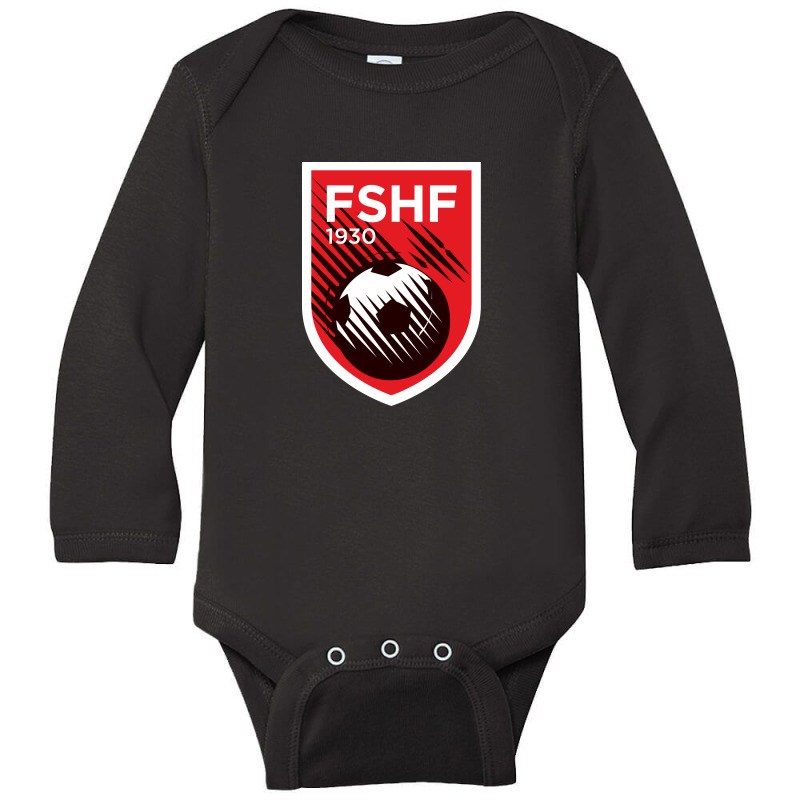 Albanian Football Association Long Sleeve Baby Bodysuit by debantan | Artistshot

...

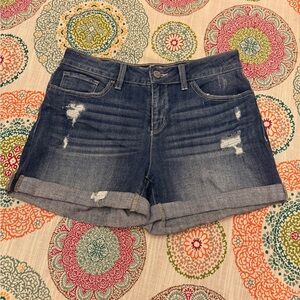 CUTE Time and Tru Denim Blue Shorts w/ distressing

--

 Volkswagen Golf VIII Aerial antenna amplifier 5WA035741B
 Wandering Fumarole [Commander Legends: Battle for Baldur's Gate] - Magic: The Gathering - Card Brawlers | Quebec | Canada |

■ WORK TO COMPLETE
Give again, word for word, every line of the listing above from the one with "Volkswagen Golf VIII" to the one with "Wandering Fumarole [Commander", both inclusive, and nothing beyond them.

■ SOLUTION TO THIS TASK
 Volkswagen Golf VIII Aerial antenna amplifier 5WA035741B
 Wandering Fumarole [Commander Legends: Battle for Baldur's Gate] - Magic: The Gathering - Card Brawlers | Quebec | Canada |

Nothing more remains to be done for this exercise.